Director: Clarence Brown
Cast: Louise Dresser, Jack Pickford, Constance Bennett, George Cooper
Have I Seen It Before: Never. The great value of seeing a silent film in a theater (with an organ accompaniment, no less) is that for a few stray moments (read: those moments where someone’s cell phone isn’t going off), the vulgarities of the 21st century melt away… Usually to give way to the vulgarities of the 20th. When you keep getting text messages throughout the movie from Home Depot informing you of the status of your toilet delivery, you never really had much of a chance.
Did I Like It: In previous reviews of silent films, I’ve generally come to the conclusion that some genres still hold up, while some don’t. Comedies? Very nearly always. Science Fiction? The charm is there, sure. Dramas? Almost never. A drama from 100 years ago is either wholly depressing—the abject poor will never get over their lot in life—or groanworthy—the obscenely rich dwell on their inadequacies while they wait for the stock crash to take them away. Horror? If you’re in the business of playing with shadows, there’s still plenty of dread to wring out of a modern audience. Western? Assuming anyone bothered to preserve the film and keep it from being just a bright white splotch with the occasional intruding shadows, then perhaps, but I’ve yet to see any evidence of it.

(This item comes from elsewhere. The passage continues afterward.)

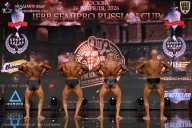 IFBB SEMIPRO RUSSIAN CUP - 2026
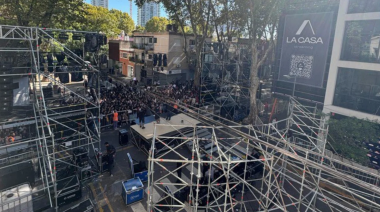 Cancelaron los shows gratuitos en CABA tras el escándalo por el recital de Tini Stoessel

Now we bring ourselves to the mystery, and I’m just not seeing the appeal. Forget for a moment that this is really a drama of both the worst kinds, the question of just who killed the theater owner is painfully obvious, right up until the very end when it turns out someone about whom we never even bothered to think turned out to do it.
Maybe I’m one of the last people still holding on to the virtues of the silent movie, but even I have my limits.